Maria Rodriguez is not a religious sister, but she lives and works like one. The 23-year-old San Diego native teaches third grade students in a Chicago Catholic school and lives in a house with other new schoolteachers.
Rodriguez and her housemates exchange ideas about their educational ministry, pray together, participate in community outreach projects with one another and live very much like the vowed men and women religious who once dominated the U.S. Catholic school system. Everyone in her household is part of the University of Notre Dame’s Alliance for Catholic Education teacher formation program, which was set up with some of the same tenets that underlie religious communities.
A.C.E., as the alliance is known, “focuses on preparing young people in three pillars—in spirituality, in professional teaching and living in community,” said Benny Morten, principal at St. Ann School in Chicago and a former A.C.E. teaching fellow. “Those are three important aspects of a school community itself.”

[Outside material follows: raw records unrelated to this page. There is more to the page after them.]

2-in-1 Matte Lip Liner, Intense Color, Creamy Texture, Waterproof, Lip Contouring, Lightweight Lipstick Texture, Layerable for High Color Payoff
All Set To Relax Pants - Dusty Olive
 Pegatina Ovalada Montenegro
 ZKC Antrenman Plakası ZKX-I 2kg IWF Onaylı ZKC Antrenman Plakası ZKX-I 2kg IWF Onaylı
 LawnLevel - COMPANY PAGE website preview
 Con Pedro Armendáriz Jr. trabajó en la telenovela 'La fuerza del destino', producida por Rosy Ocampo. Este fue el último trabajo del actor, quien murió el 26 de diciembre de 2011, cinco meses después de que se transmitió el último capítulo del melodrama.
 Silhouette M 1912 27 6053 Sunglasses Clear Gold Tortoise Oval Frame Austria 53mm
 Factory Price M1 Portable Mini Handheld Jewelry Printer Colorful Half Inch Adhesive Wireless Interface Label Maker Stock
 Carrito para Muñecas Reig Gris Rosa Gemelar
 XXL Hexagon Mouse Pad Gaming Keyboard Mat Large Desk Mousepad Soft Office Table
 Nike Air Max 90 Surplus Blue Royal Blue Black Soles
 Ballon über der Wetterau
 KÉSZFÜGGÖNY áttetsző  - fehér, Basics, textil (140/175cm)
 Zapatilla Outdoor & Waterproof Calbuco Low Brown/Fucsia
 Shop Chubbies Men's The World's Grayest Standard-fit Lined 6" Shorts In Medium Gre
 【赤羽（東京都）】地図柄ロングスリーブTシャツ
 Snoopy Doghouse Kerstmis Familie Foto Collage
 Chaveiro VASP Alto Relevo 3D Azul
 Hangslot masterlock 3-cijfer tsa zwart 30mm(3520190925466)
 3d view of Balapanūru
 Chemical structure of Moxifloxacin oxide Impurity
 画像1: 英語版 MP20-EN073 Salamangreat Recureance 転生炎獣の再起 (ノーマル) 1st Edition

“It is almost like a religious community, and I would say that’s not by accident,” said John Schoenig, teacher formation director for A.C.E. “This was an idea that worked quite well for many generations in the Catholic Church, and I think this is one of the more attractive elements of our formation model, of our framework.”
“First-year teaching can be very difficult, so it’s great to live in a community with other people going through the same things,” said Matt Gring, an A.C.E. teacher at St. Ambrose Catholic School in Tucson, Ariz.
The University of Notre Dame in Indiana developed the program more than two decades ago to address the needs of struggling Catholic schools throughout the country. Other U.S. Catholic universities established similar programs for the same reason.
“We all work together on our own spirituality to help each other grow, as well as coming up with ways to help our students grow,” said Jessica Jones, a 22-year-old A.C.E. teacher and colleague of Rodriguez at Maternity of the Blessed Virgin Mary School in Chicago. As Jones gathered her fourth-grade students to sit around a statue of Mary in her inner-city classroom, she told them how faith could affect every aspect of their lives, from their school work to being a good citizen in their community.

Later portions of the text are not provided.